I’d like us to explore a scheme where sites can nominate questions for broader advertising, rather than one that automatically does it and sites can override. I don’t know what that looks like. We’ve got time; until we have a bunch of communities we won’t benefit much from it.
Maybe it is too complicated (and I keep talking too much about this voting), but based on this idea I am imagining a rate based score system in place of the current vote based score system, where people can rate the questions to be in a particular class.
The voting system up/down depends a lot on the number of reads and that creates a big variance. (the ratio up/down could say something but mostly the votes are unanimous and the score is just a matter of ‘how many’ people took their time to vote and there is no nuance in a single vote)
A voting system with ‘ratings’ rather than up down will be less influenced by the number of votes.
Classes could have certain specific meaning and one of them could be ‘hot network’ (which should actually be used for ‘this question really needs an answer, needs more attention, or should be seen by a wider community’ but in SE practice results in ‘lots of people jumping on the question with more answers that mostly generate noise rather than improve the answer’).
Even more complicated. Rather than a system by which a contributor can directly vote for a particular class there could be a promotion/degradation system. This makes a post less mobile at first, but at the same time old ratings will have less influence and it becomes more easy to re-evaluate the situation of a post.
We could possibly strike a deal with Physics Overflow, Math Overflow, and Codegolf/Axtell projects for interlinking our HNQs. That would boost them and boost us as a whole, as a network. We don’t need to be consolidated, but we can have a mutually beneficial arrangement.
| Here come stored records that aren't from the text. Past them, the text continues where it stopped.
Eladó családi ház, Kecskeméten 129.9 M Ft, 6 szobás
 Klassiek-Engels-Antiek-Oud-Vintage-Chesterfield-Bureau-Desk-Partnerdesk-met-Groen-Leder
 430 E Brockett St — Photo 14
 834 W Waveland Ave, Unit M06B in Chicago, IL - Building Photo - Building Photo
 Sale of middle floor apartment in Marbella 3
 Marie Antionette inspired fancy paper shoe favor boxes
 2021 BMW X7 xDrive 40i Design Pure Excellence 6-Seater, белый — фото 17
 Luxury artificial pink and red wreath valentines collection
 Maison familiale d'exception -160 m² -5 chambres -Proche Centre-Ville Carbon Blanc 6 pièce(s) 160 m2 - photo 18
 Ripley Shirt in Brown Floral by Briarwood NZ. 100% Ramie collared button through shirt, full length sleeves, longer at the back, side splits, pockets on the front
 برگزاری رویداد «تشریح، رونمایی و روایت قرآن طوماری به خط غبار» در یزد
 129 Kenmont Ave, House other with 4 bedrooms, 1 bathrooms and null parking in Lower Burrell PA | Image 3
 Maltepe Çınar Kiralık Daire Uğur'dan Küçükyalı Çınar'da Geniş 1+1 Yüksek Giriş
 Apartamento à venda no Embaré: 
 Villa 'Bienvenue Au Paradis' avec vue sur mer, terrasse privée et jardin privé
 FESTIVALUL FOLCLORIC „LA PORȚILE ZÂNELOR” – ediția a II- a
I’d like to see some site statistics feature which could display how effective it was in retrospect for a question to be put on HNQ list so that users can have a better idea what attracts people to the site, so that the content could be improved or shifted in a more useful direction where possible and makes sense. Not having any stats on that kinda sucks.
Your own Twitter account? Reddit, Hacker News, Slashdot, etc.?
I thought we were talking about advertising questions to users of other Codidact sites, who are more predisposed toward being interested than random Twitter followers etc.
(I also don’t believe it’s all that important, but others seem to so I was suggesting an approach that I think would be better than SE’s.)
I think the project should publish its selected HNQ or other curated list of posts on a number of social networks and news aggregator sites in its own section, so their users can link to them in their own native URL schemes.
Like for example, cross-posting reddit posts from say r/condidact_HNQ to r/technology or r/programming or any other range of topics. This would boost discoverability on other platforms and allow for easier sharing by its resident users.